The trouble that people have with the wrath of God is rather irrational, and lame. No wonder God is annoyed. Even his people are embarrassed about it and feel forced to accept it, and they run through all kinds of philosophical arguments to explain why God must be like this, as if God himself is reluctant to be himself. Now, I can do that too, but why should I? Why should I go through the trouble, when there is really nothing wrong with the wrath of God and when there is no good objection against it? You are not the one to tell God what he should be. He tells you what he is and you will like it or else!
In fact, I find the wrath of God very right and appealing. Of course it would be a fearful thing to be the target of God’s wrath, but as a Christian I understand that this is who he is, and I like it and praise him for it. And there is no reason to present it in such a vague and poetic way that nobody understands what it means. What is the wrath of God? If he disapproves of you because there is sin in your nature and lifestyle, then he is angry with you, and he is going to do things to hurt you and to torture you forever. This is the wrath of God. There is no sound argument against this, and there is nothing anyone can do to change it. Through Jesus Christ a person can attain peace with God and be rescued from this, but no one can change God’s nature so as to nullify his terrifying plans against sinners who remain in his wrath.

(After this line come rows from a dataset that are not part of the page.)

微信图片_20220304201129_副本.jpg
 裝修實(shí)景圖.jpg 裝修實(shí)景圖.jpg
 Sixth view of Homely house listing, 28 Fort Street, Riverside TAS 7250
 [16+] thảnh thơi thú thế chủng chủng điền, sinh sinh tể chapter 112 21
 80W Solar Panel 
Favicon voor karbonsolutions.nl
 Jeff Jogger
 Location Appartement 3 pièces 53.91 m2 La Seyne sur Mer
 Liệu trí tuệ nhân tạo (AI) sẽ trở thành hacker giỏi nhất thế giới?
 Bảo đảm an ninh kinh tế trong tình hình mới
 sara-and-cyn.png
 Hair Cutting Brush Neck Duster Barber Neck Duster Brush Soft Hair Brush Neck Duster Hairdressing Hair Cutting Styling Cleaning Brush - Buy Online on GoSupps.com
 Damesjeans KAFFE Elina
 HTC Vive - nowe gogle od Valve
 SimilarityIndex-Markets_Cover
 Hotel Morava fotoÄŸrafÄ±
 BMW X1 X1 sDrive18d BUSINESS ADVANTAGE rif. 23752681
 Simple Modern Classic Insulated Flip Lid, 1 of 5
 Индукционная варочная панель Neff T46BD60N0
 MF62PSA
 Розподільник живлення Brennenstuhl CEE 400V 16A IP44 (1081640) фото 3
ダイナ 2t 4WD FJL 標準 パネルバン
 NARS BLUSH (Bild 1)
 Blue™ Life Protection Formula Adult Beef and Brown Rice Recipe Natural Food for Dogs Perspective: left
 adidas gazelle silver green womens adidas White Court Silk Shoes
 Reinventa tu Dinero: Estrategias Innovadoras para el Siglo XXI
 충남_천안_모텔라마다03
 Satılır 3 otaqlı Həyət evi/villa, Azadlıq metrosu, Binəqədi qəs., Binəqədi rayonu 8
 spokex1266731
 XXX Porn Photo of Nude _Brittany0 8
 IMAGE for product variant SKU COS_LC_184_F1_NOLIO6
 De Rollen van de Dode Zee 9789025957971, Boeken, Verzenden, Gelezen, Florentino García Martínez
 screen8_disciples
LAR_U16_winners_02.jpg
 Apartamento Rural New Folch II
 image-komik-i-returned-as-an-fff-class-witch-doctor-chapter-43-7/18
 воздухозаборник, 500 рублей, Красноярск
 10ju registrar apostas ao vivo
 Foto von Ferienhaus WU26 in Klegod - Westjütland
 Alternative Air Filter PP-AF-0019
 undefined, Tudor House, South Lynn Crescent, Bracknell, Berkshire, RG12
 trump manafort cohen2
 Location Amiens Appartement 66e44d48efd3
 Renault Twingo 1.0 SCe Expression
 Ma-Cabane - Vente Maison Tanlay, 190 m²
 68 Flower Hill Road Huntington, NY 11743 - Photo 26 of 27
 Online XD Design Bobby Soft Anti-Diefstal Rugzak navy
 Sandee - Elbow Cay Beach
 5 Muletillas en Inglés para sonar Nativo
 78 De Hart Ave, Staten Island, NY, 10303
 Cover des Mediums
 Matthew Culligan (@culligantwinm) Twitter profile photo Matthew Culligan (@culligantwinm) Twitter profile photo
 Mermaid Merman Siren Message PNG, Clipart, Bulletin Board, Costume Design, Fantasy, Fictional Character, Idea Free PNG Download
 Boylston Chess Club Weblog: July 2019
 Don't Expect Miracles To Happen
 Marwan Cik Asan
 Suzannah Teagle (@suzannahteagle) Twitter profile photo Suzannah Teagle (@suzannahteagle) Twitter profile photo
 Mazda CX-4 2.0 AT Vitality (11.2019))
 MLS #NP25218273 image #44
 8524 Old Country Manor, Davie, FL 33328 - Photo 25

God’s wrath is directed at the non-Christians – he is angry with them and will do terrible things to hurt them and torture them – because they have turned from the true God and have invented alternatives for themselves. Although God is invisible, his creation is a constant reminder of his power, his wisdom, and his divine nature. This testimony does not point to just any kind of deity, but only to the Christian God, that is, the only God as he has been revealed in the Christian faith. We know this because Paul does not accuse sinners of failing to worship something, but of failing to worship the God that he worships, and that is the Christian God, or God as presented in Christian theology. Thus God has made himself plain to people, so that his power and his nature have been clearly seen and understood.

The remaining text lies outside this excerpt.